Clustering

Jarad T. Bushnell

Apr 18, 2019

Purpose

This script shows how I segment my company’s customer base by clustering average order values.

Clustering Inspiration

“Clustering algorithms for customer segmentation” https://towardsdatascience.com/clustering-algorithms-for-customer-segmentation-af637c6830ac

“Finding Optimal Number of Clusters” https://www.r-bloggers.com/finding-optimal-number-of-clusters/

“UC Business Analytics R Programming Guide - K-means Cluster Analysis” https://uc-r.github.io/kmeans_clustering

Check it out

date_purchased orders_id account_type customers_email_address part_id products_quantity products_price revenue customer_type products_category
2018-10-01 3735272 account email #25538 937 2 6.416164 6.416164 non reseller cables
2018-10-01 3735272 account email #25538 3258 2 8.040510 8.040510 non reseller cables
2018-10-01 3735274 guest email #82009 2886 2 1.543128 1.543128 non reseller arduino
2018-10-01 3735274 guest email #82009 2830 2 2.030432 2.030432 non reseller arduino
2018-10-01 3735274 guest email #82009 2884 3 8.040510 16.081019 non reseller arduino
2018-10-01 3735276 account email #72846 3806 2 11.289200 11.289200 non reseller tools

Determine number of clusters using the Elbow method

The plot below compares the total “with-in clusters sum of squares” (WCSS) with the number of clusters. A single WCSS for a single cluster shows how much variation is in that cluster; so, in general, a smaller WCSS means a better cluster. When you have more than one cluster, you can add these WCSS’s up and get the total per each set of clusters.

We want to choose the number of clusters right before the line in the plot begins to level out.
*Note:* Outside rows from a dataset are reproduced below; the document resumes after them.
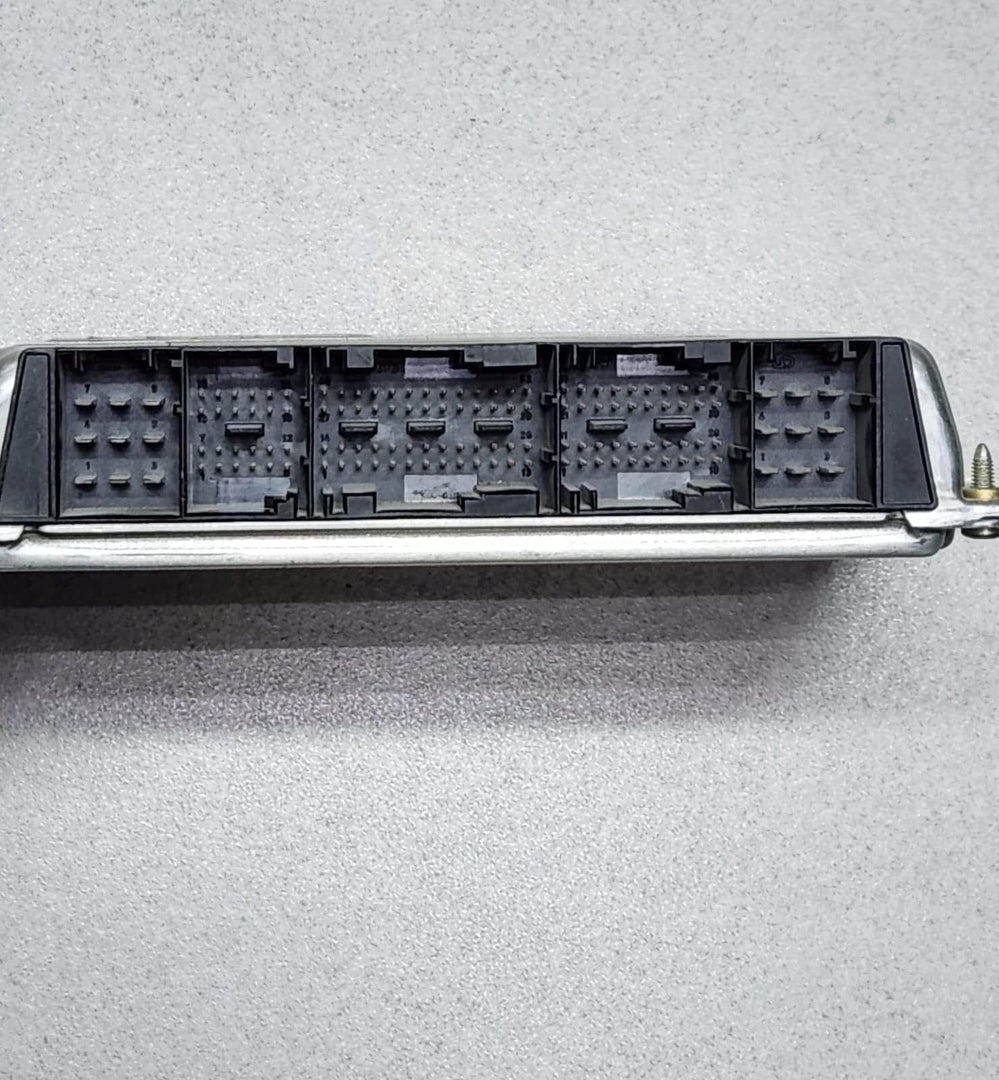 2001-2005 BMW 325i Engine Control Unit 7509942 5 Series E39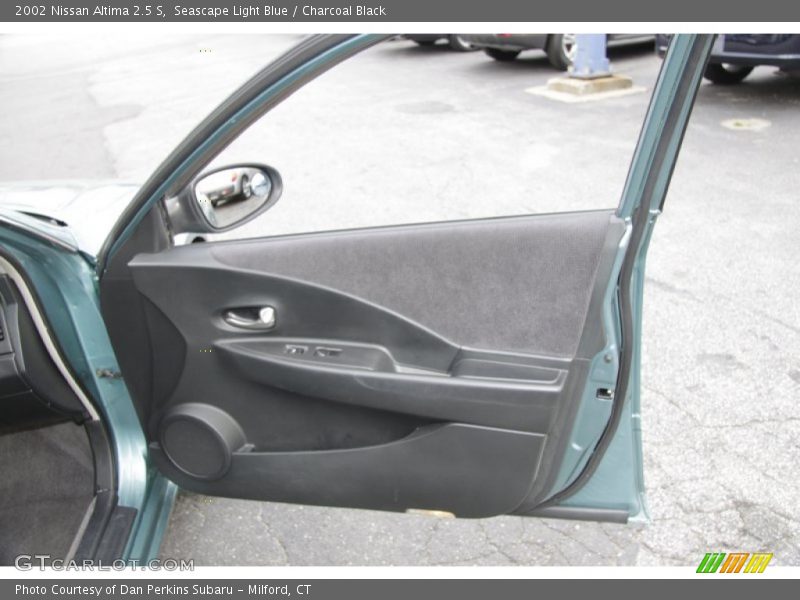 Seascape Light Blue / Charcoal Black 2002 Nissan Altima 2.5 S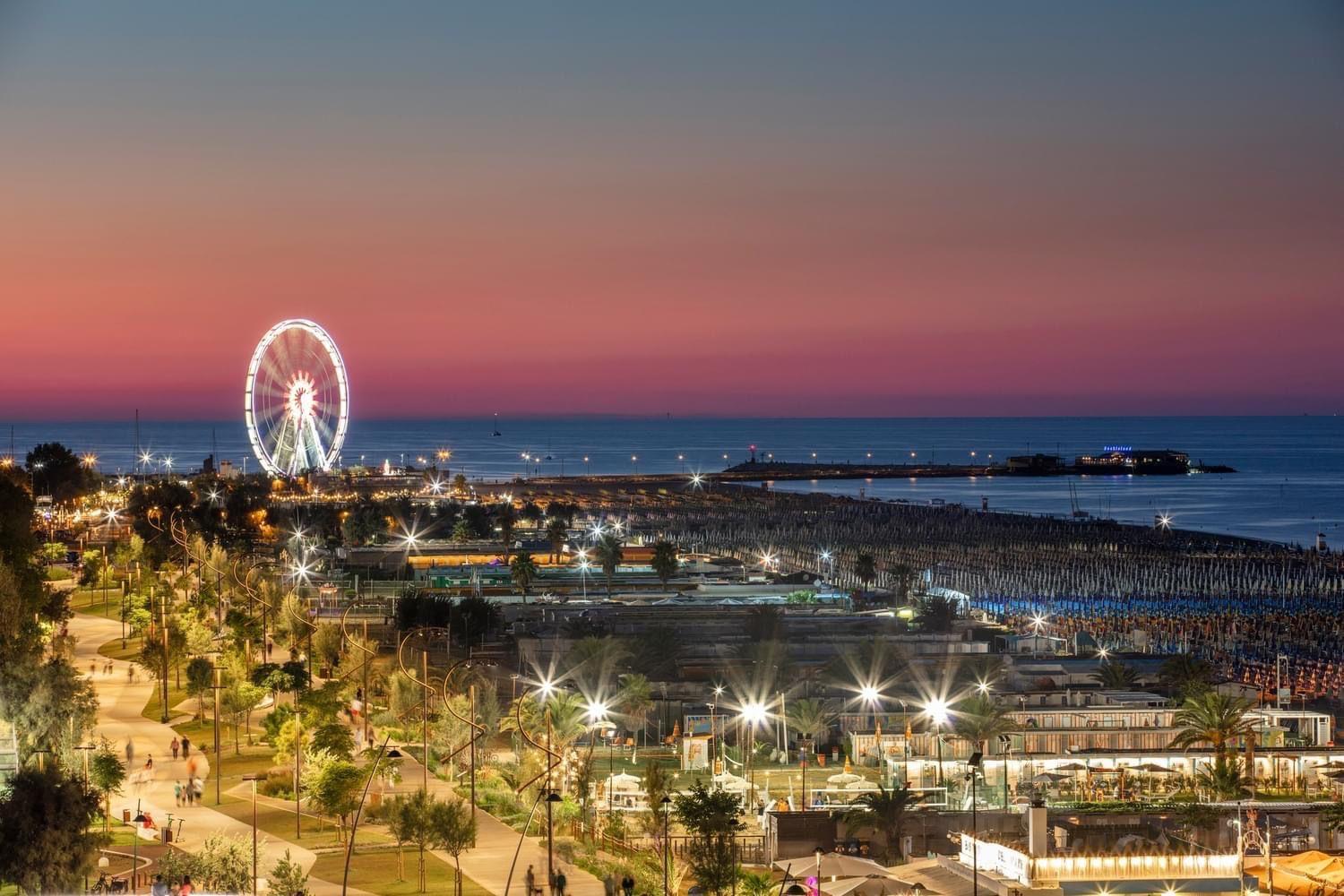 Appartement Con Posto Auto Privato A Marina Centro Mare Rimini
At this point, the point of leveling out, adding more clusters would not explain much more than what we have already explained with the previous clusters.

Add clusters to main data and group by cluster to get some stats

The table below shows the min, median, avg, max, count, and proportion of average order values, broken down by cluster.

The table shows that 96% of account holders have average order values between $1.20 and $552, while 3.7% have average order values between $553 and $3,487, etc.

cluster min median avg max count count_as_percentage
1 $1.22 $74.33 $106.68 $552.11 41,798 96.1%
2 $552.93 $762.91 $998.76 $3,486.93 1,625 3.7%
3 $3,596.56 $5,134.67 $6,065.69 $15,554.73 87 0.2%
5 $21,615.98 $30,032.12 $29,903.47 $37,933.66 4 0.0%
4 $62,537.30 $74,703.64 $74,703.64 $86,869.99 2 0.0%

The plot below shows that cluster 1 (red) has many members with low average order values, while cluster 4 (blue) has two members who have large average order values.

The box plot below shows cluster 4 towering above all others.

Summary and Next Steps

This cluster analysis shows that 96% of customers have average order values between $1.22 and $552, which is a huge range. A next step could be to cluster on this segment only; it’s worth understanding, since it makes up most of our customer base.

Another approach is to break down the entire data set by US state, and then cluster within each state. The results from this method could be used for marketing campaigns or incentive programs meant to increase the average order value of account holders.

Yet another approach is to cluster the guest data along with the account holder data and compare the two. These results could be used to develop an incentive program to encourage guests to create accounts.